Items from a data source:
******

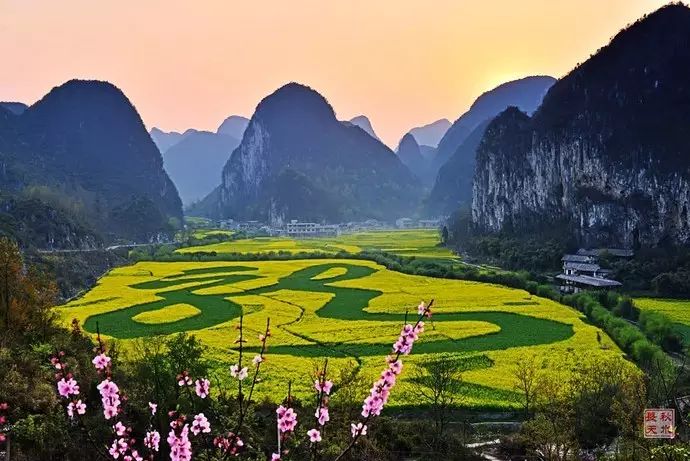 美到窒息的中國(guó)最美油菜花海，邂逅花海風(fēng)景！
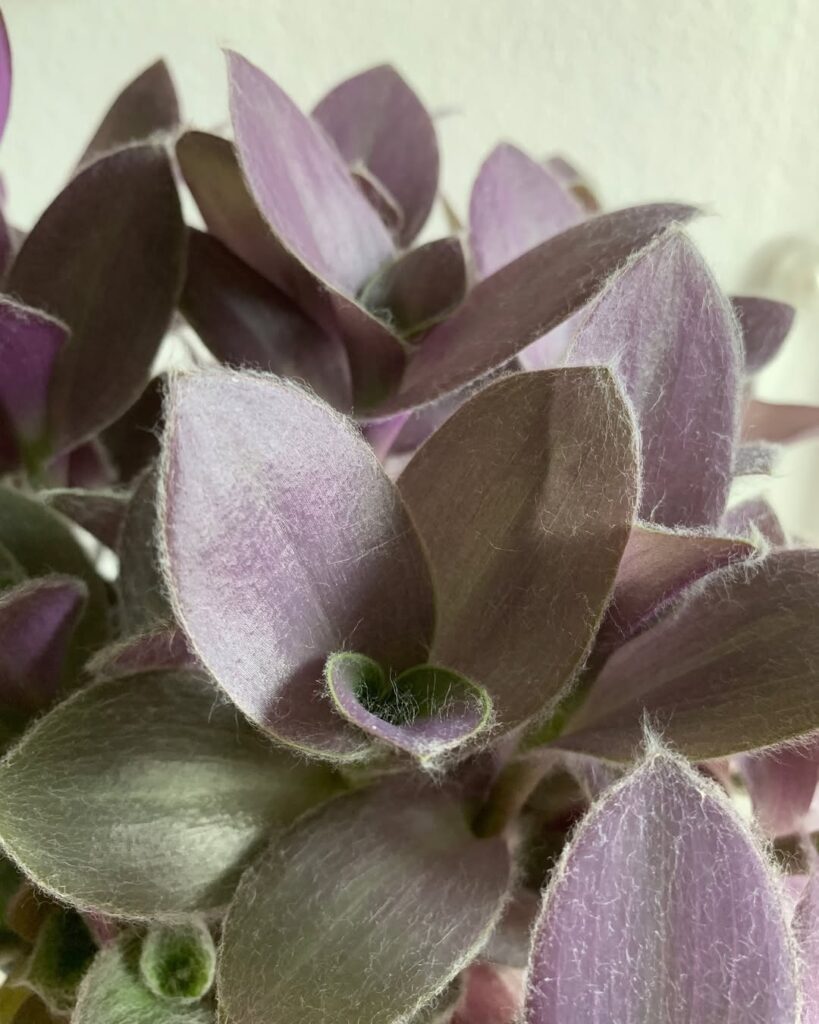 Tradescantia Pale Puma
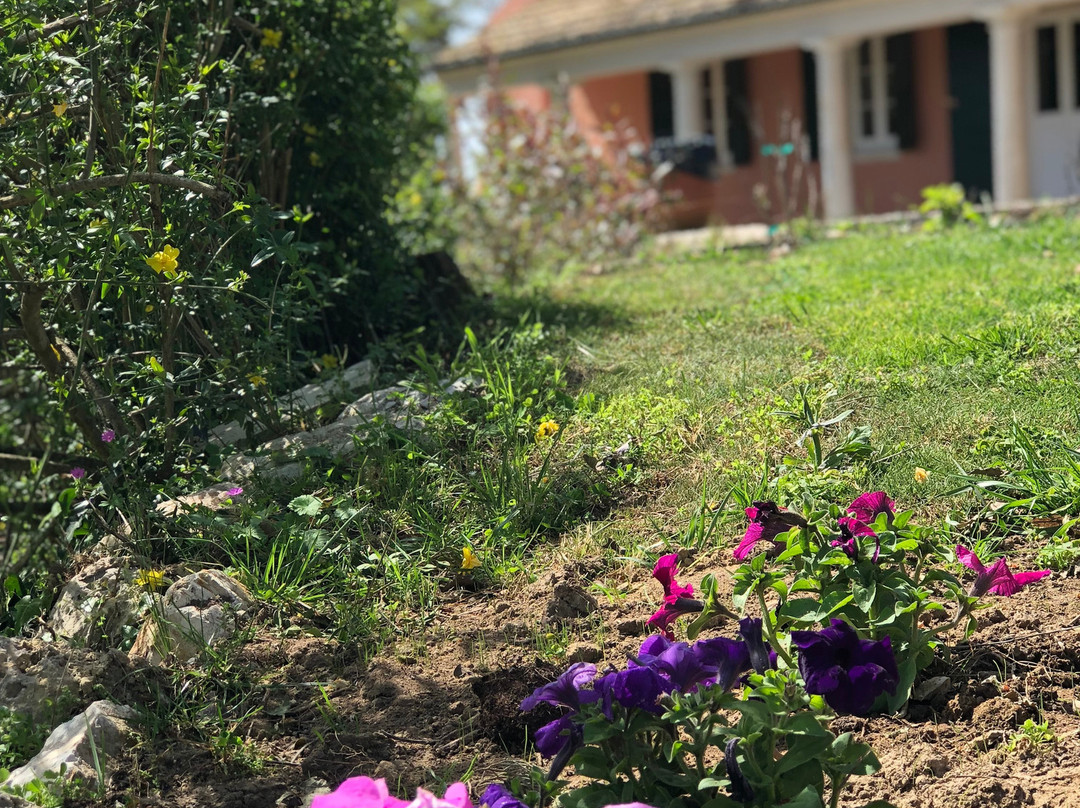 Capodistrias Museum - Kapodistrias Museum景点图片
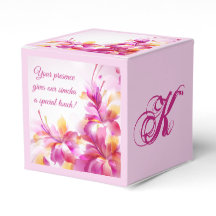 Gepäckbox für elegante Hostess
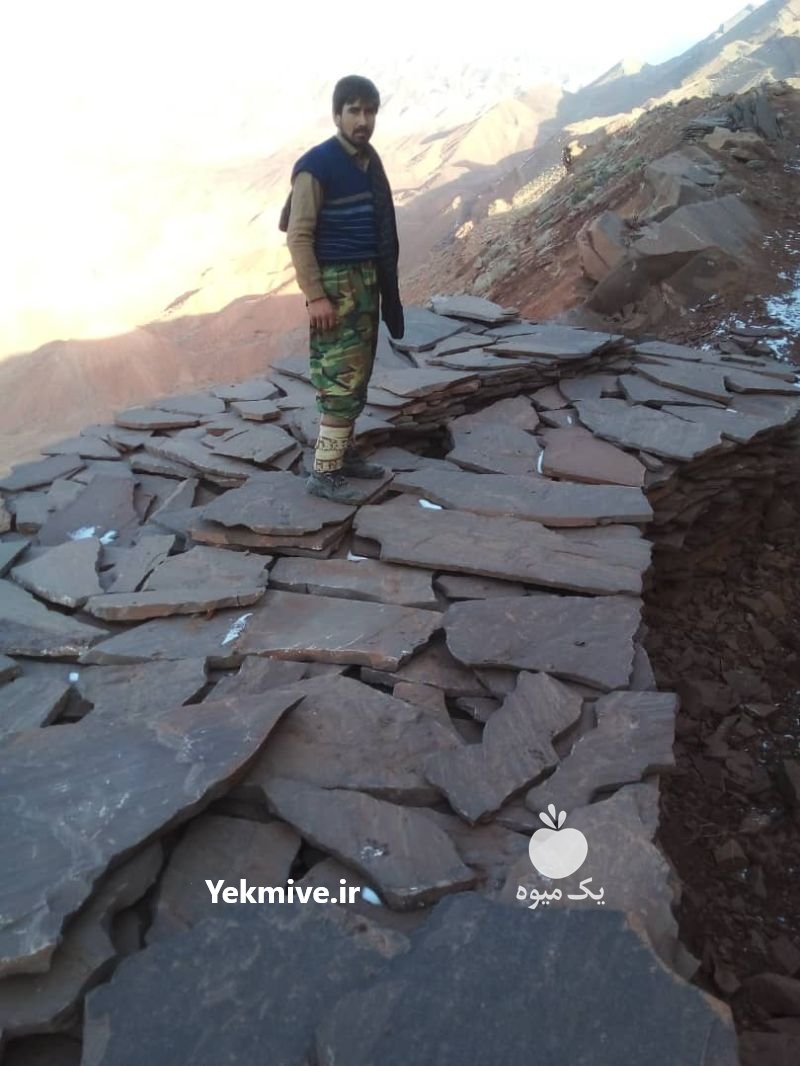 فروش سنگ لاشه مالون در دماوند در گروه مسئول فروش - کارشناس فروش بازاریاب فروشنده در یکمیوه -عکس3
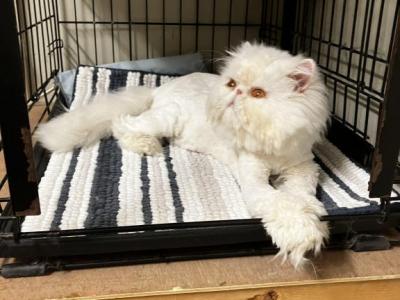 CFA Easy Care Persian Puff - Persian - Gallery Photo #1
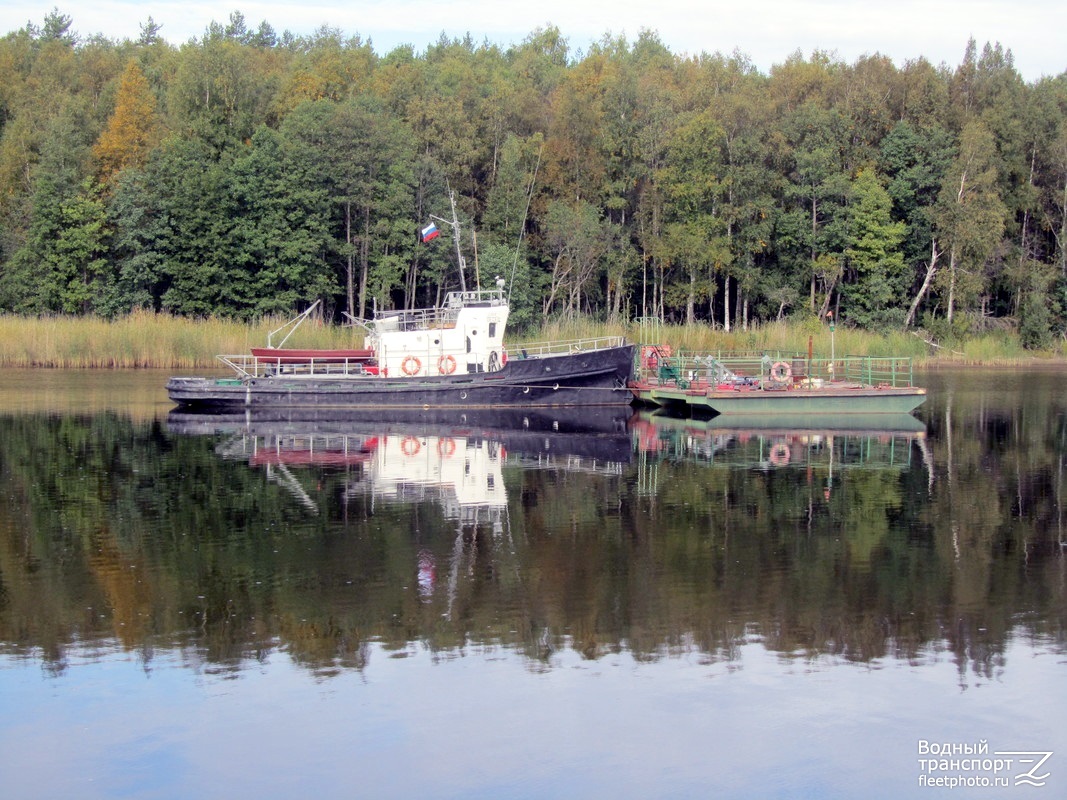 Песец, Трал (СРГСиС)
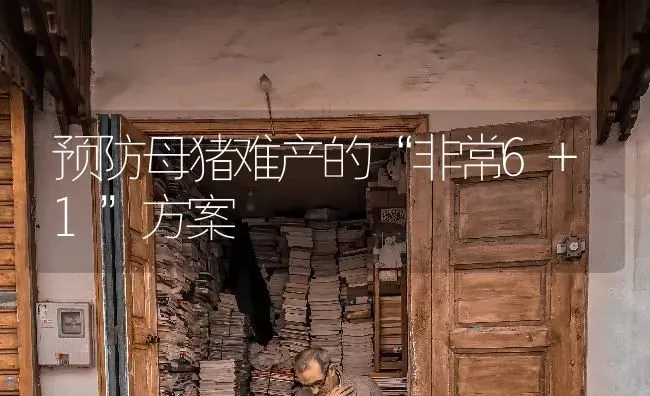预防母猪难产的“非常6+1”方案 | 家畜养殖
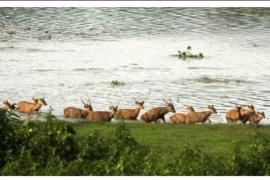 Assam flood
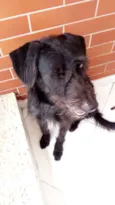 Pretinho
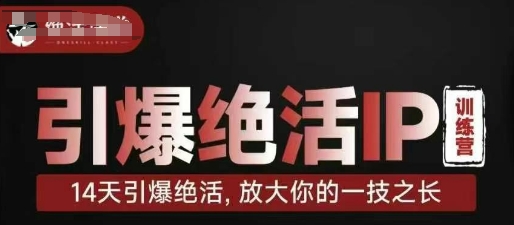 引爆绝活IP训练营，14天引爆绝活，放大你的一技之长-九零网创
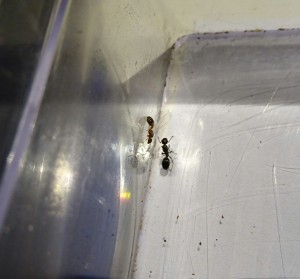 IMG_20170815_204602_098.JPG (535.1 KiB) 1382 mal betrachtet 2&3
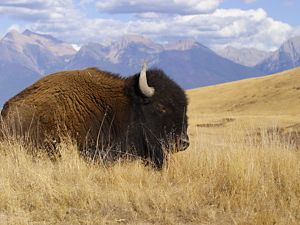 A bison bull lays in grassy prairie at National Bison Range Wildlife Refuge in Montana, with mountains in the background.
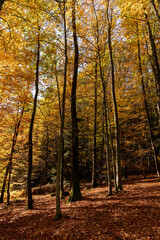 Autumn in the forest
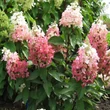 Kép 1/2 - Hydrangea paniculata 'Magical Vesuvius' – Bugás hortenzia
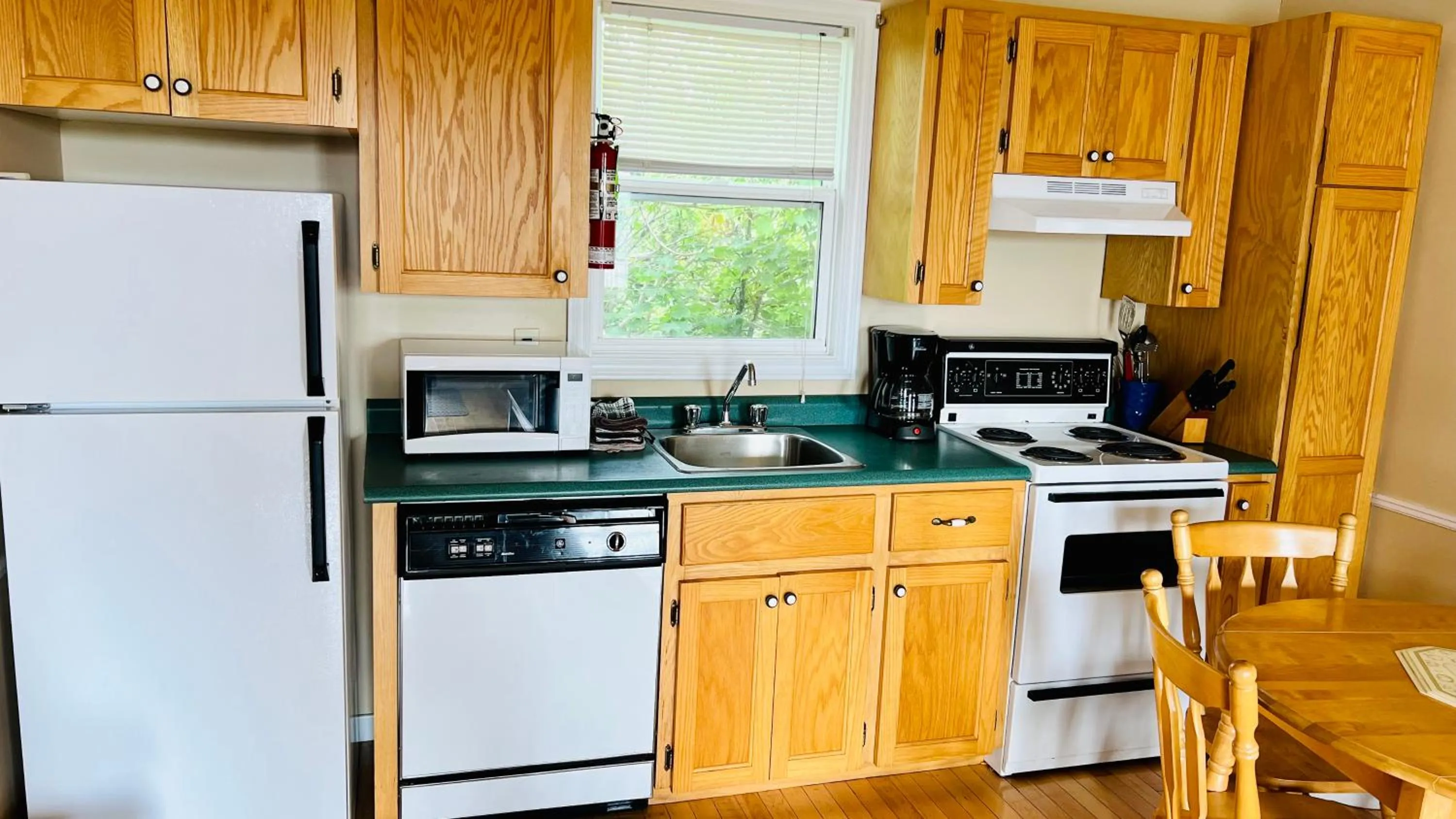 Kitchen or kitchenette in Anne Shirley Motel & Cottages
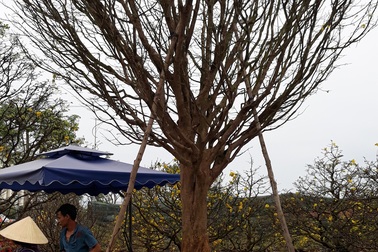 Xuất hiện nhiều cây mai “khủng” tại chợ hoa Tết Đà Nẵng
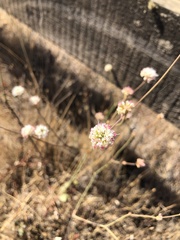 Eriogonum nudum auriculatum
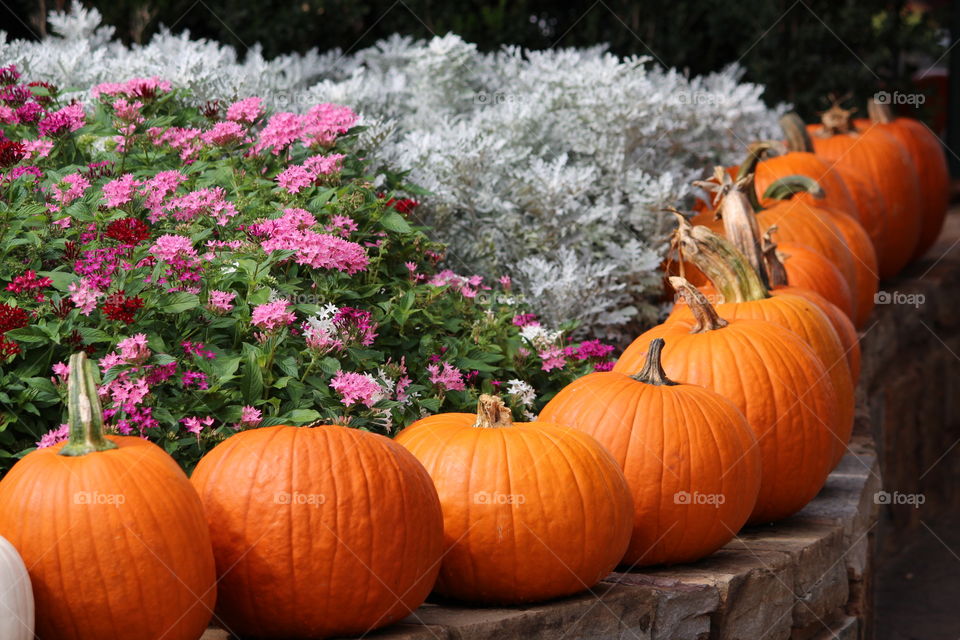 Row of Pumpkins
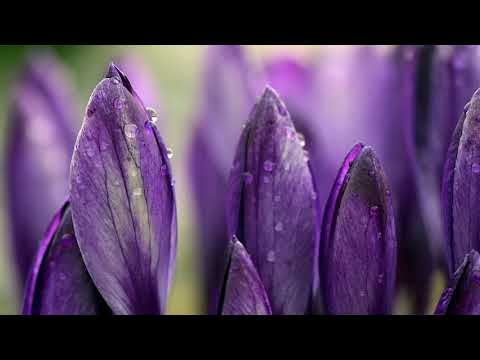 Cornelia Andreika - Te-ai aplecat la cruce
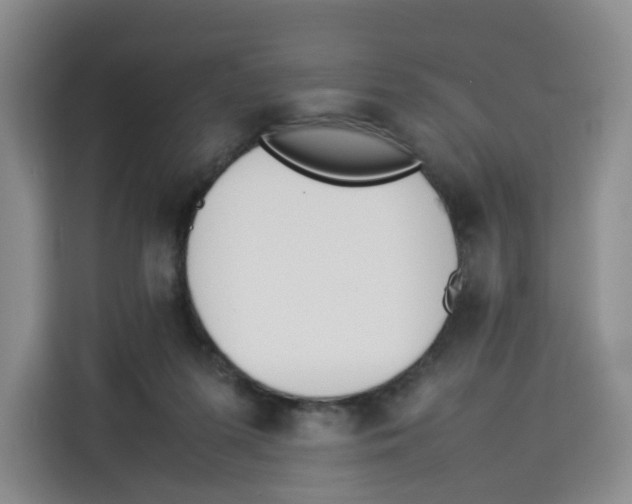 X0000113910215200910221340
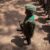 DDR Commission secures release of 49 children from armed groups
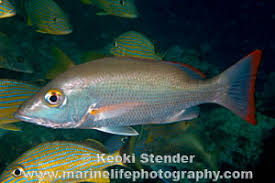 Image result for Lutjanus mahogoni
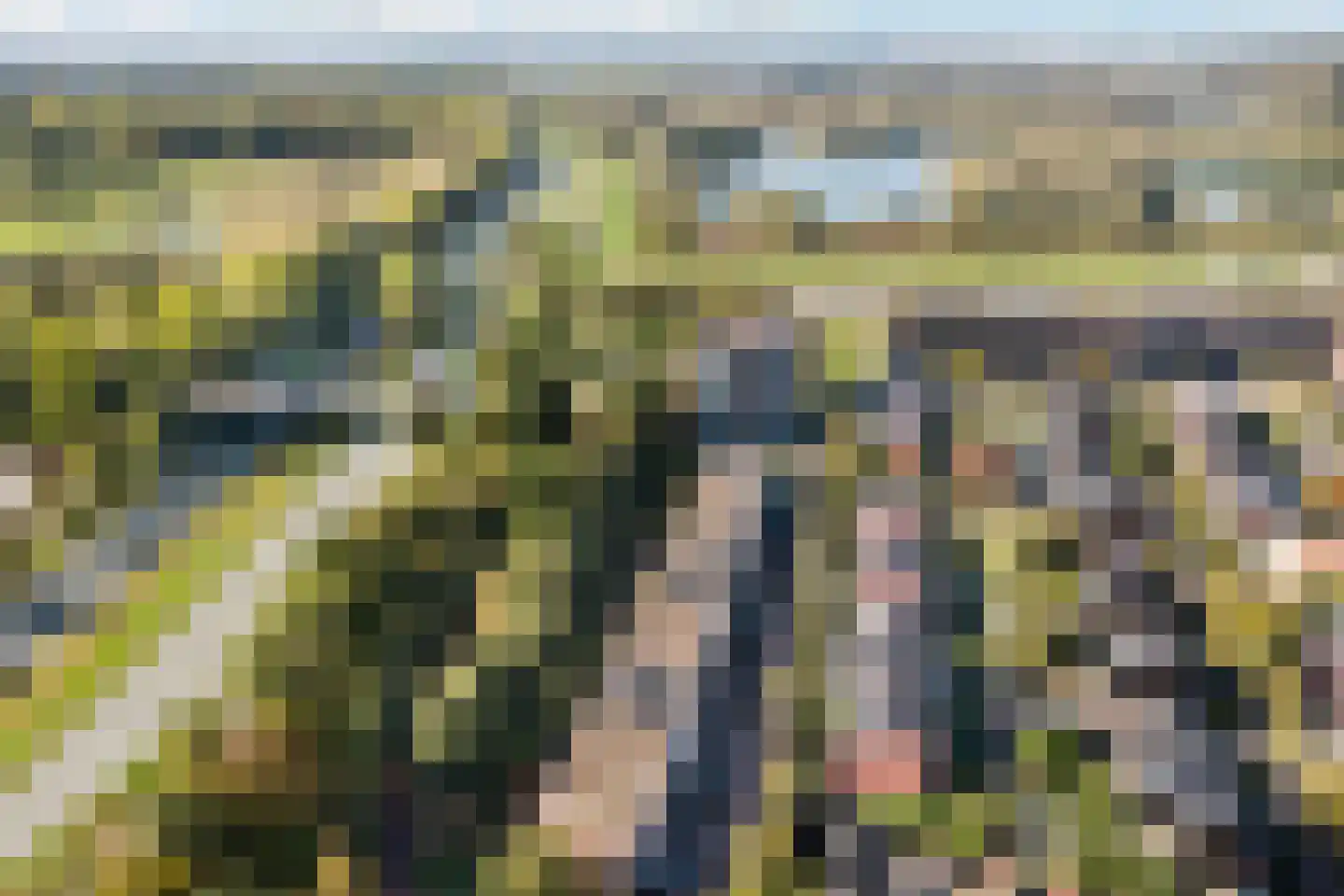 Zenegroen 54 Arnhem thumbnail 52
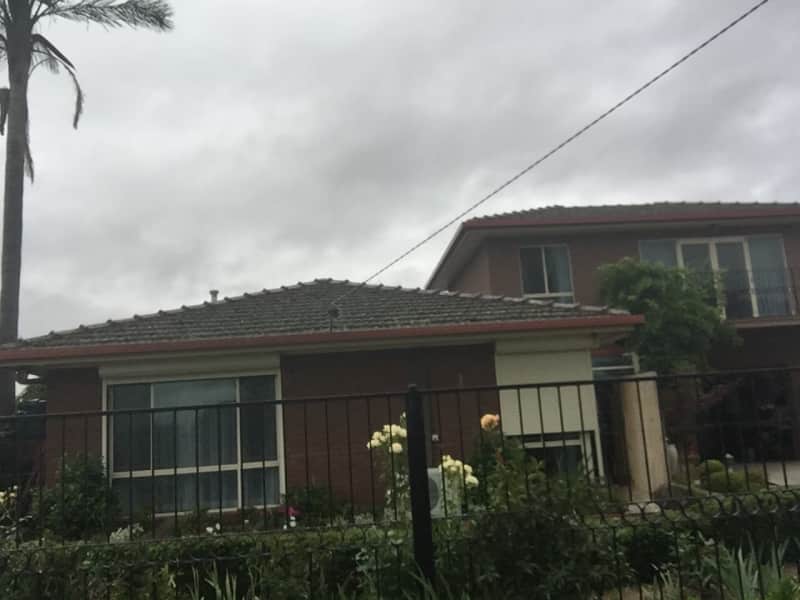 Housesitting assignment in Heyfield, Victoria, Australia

******

## YOUR INSTRUCTIONS:
Using the records above, extract exactly and only the lines from the one with "CFA Easy Care" through the final line, inclusive, leaving out pictures.

## PROBLEM SOLUTION:
 CFA Easy Care Persian Puff - Persian - Gallery Photo #1
 Песец, Трал (СРГСиС)
预防母猪难产的“非常6+1”方案 | 家畜养殖
 Assam flood
 Pretinho
 引爆绝活IP训练营，14天引爆绝活，放大你的一技之长-九零网创
 IMG_20170815_204602_098.JPG (535.1 KiB) 1382 mal betrachtet 2&3
 A bison bull lays in grassy prairie at National Bison Range Wildlife Refuge in Montana, with mountains in the background.
 Autumn in the forest
 Kép 1/2 - Hydrangea paniculata 'Magical Vesuvius' – Bugás hortenzia
 Kitchen or kitchenette in Anne Shirley Motel & Cottages
 Xuất hiện nhiều cây mai “khủng” tại chợ hoa Tết Đà Nẵng
 Eriogonum nudum auriculatum
 Row of Pumpkins
 Cornelia Andreika - Te-ai aplecat la cruce
 X0000113910215200910221340
 DDR Commission secures release of 49 children from armed groups
 Image result for Lutjanus mahogoni
 Zenegroen 54 Arnhem thumbnail 52
 Housesitting assignment in Heyfield, Victoria, Australia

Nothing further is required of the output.